Under that reasoning, Ms. Petersen said, commissioners could hold a series of secret meetings, then adopt a budget in an open meeting.

Ms. Bru is saying "as long as they hold one meeting inside the law all the meetings outside the law are OK," Ms. Petersen said.

She said she thinks the question is: How much does the tainted meeting affect what happens afterward?

"I would argue it [the illegal meeting] taints everything," she said.

Ms. Bru, who declined to address Ms. Petersen’s point directly, maintains that "there wasn’t anything that would have jeopardized the integrity of the process thus far."

But, Mr. Kaney said, if a citizen or organization sued the city on a claim the budget was illegally adopted, the Circuit Court would be given a choice of "either looking the other way or voiding the budget action."

Mr. Kaney and Ms. Petersen say commissioners need to enact a "cure" for the Sunshine violation. That would entail another budget workshop in which the discussions and any actions at the illegal meeting are redone in an open meeting.

"To the best of their abilities they need to recreate the conversation and debate they had at the meeting that was in violation of the law," Ms. Petersen said.

She emphasized that it would not be sufficient to merely gavel a legally advertised workshop into session and then adjourn it a moment later.

Added Mr. Kaney: "They will have the burden of showing the second meeting actually duplicated the discussion and actions of the first meeting."
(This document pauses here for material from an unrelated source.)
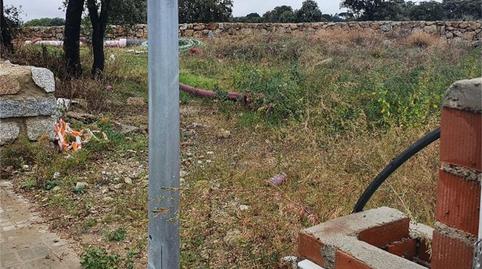 Photo 2 of Land for sale in Calle Jaras, 10, La Navata, Madrid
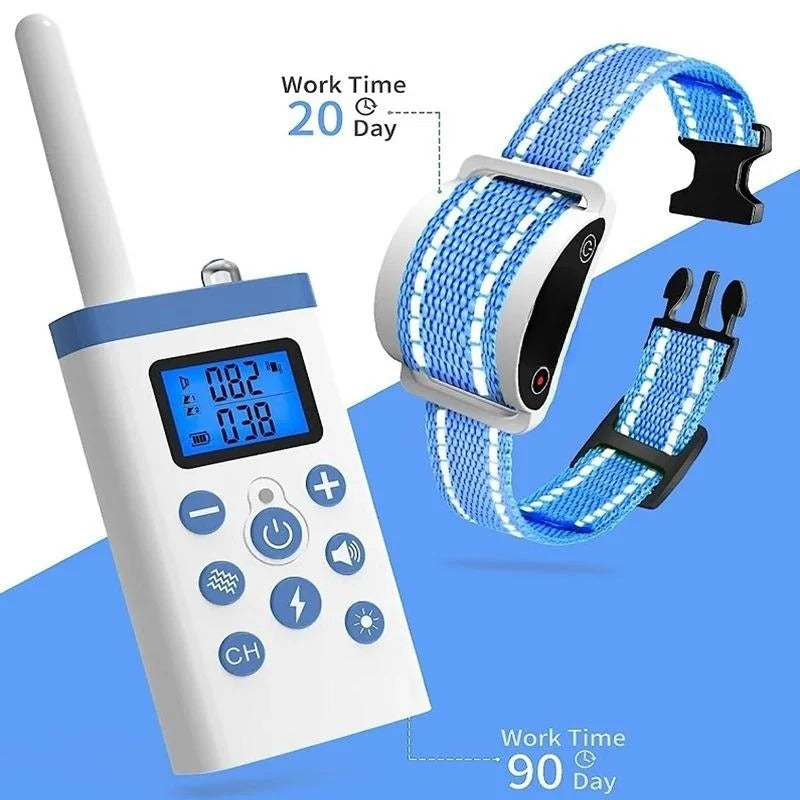 Adjustable Cat Training Collar | Gentle Sound & Vibration Feedback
In the 2007 edition of the Florida Attorney General’s Government in the Sunshine Manual, the attorney general advises that any meeting designed to make up for the illegal meeting must provide a full reexamination of the issues previously discussed illegally. "Only a full open hearing will cure the defect," the manual states.

Mr. Hernandez said such a meeting would be "a waste of time."

However, commissioners Tomás Regalado and Marc Sarnoff both said they’d push for another workshop to remedy the violation.

"Regardless of we voting or not voting, that’s not the issue," Mr. Regalado said. "We circumvented the law and it is wrong. The city wronged its residents."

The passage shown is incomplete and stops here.